After hearing Anne Marie Morris's racist comment, I didn't even feel angry. It's happened too many times before
The Tories have a deep and painful history with racism. Lord Dixon-Smith, a well-respected peer, in 2008 used the N-word in the House of Lords. Tory Councillor Peter Edwards used the phrase on BBC Radio Bristol’s drive time show. And Councillor Gerry Forsbrey used it in 2012
Given its history, and repeated promises to learn from past mistakes, might it have been too much to hope that the modern MP would be able to refrain from using racist language? To judge from Conservative MP Anne Marie Morris’ "slip up" in Parliament yesterday, it appears so.
But I’m no longer angry about racism. I’m tired. I’m tired of having to explain relentlessly that the vocabulary people are using is offensive. Whenever I feel we are taking 10 steps forward, fools take us 10 steps back again.

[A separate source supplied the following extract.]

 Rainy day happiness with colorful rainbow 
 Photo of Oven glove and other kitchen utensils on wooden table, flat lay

After realising her error, Morris retreated: “The comment was totally unintentional. I apologise unreservedly for any offence caused” – but only after an audio recording was published that proved she’d actually said it. Did she really expect everybody to say, “Oh, silly Anne Marie. That’s fine. Don’t worry about it. Everyone makes mistakes”?
People do make mistakes. Time and time again. Privately educated Oxbridge-types like Morris is not the first and I doubt she will be the last. Racism has a long and painful history in the Conservative party, and it continues nowadays in forms that are usually more subtle than Morris’s “accidental” outburst. The harsh effects of Tory austerity have been felt the most by black and ethnic minority families in the UK, including cuts to wages, vital services, and attacks on workers' rights.

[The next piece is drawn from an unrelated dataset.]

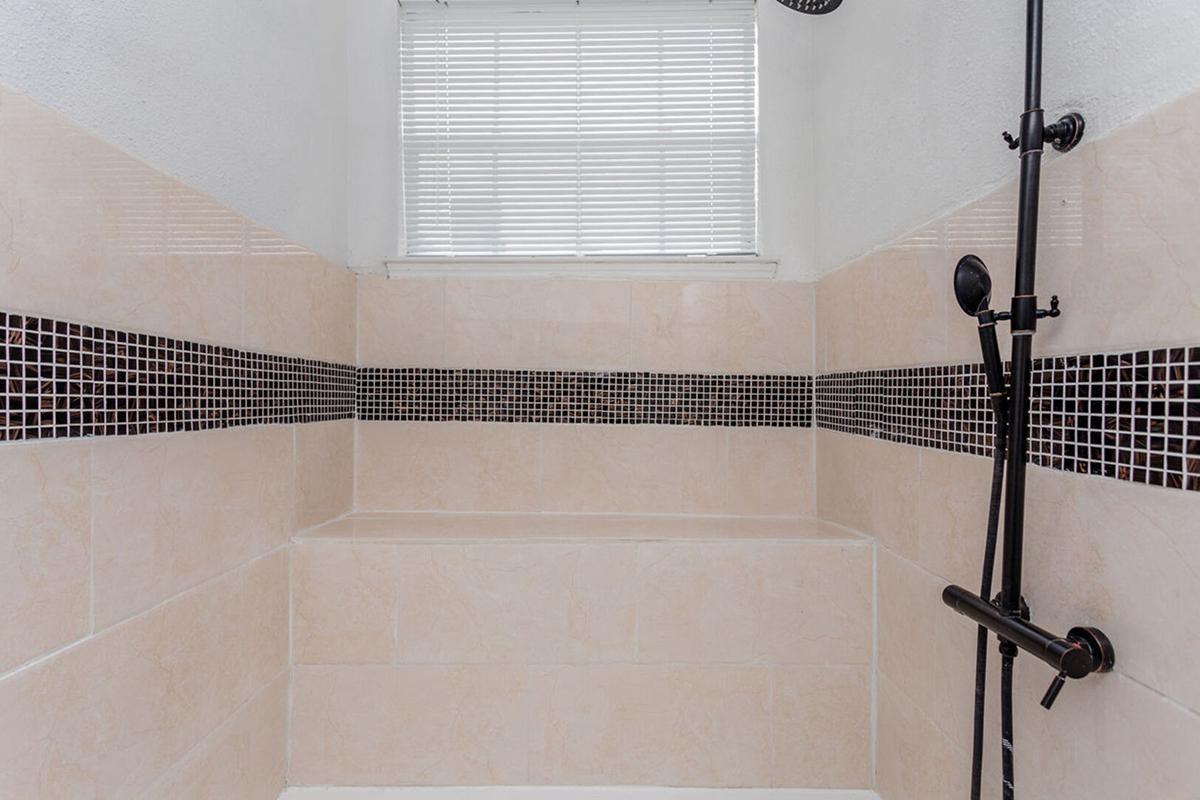 A modern shower space featuring light-colored tile walls with a dark tile accent strip. The shower area includes a showerhead mounted on the wall, a built-in bench, and a window with horizontal blinds providing natural light.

Ethnic minorities are far less likely to be hired for a job than their white counterparts.
Theresa May doesn't even have a single black MP in her cabinet and nor did David Cameron when he was in power. Tory rule is, and always has been, bleak for ethnic minorities.
Racial slurs are something the Tories don't seem to learn from, either. Lord Dixon-Smith, a well-respected peer, in 2008 used “n*****r in the woodpile” in the House of Lords chamber and apologised, saying he had “left my brains behind” and said that the phrased had “slipped out without thinking”.

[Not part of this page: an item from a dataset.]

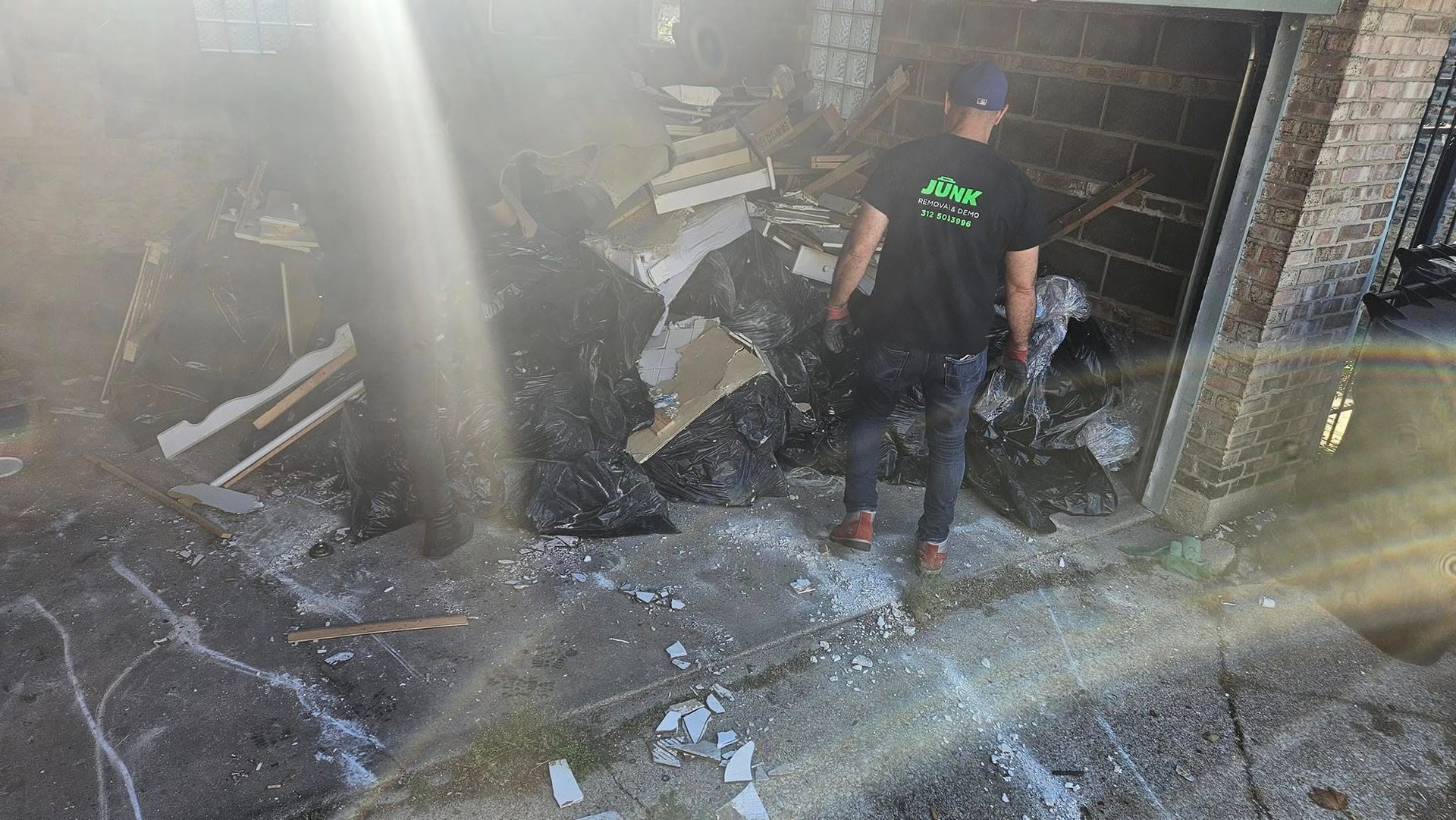 A man is standing in a garage with smoke coming out of it.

Tory Councillor Peter Edwards used the phrase on BBC Radio Bristol’s drive time show while talking about the Horseworld centre. The politician said it was “not his intention to cause anyone any offence”.
Councillor Gerry Forsbrey in 2012 said: “I don’t want to be the n***** in the woodpile”, and you guessed it, he claimed the phrase was an “old-fashioned phrase and that people may well take offence at the language.” Which people, I wonder?
These individuals should know better than to act with such complacency. People who have the privilege of power should be at the forefront of trying to change negative perceptions, not adding to them.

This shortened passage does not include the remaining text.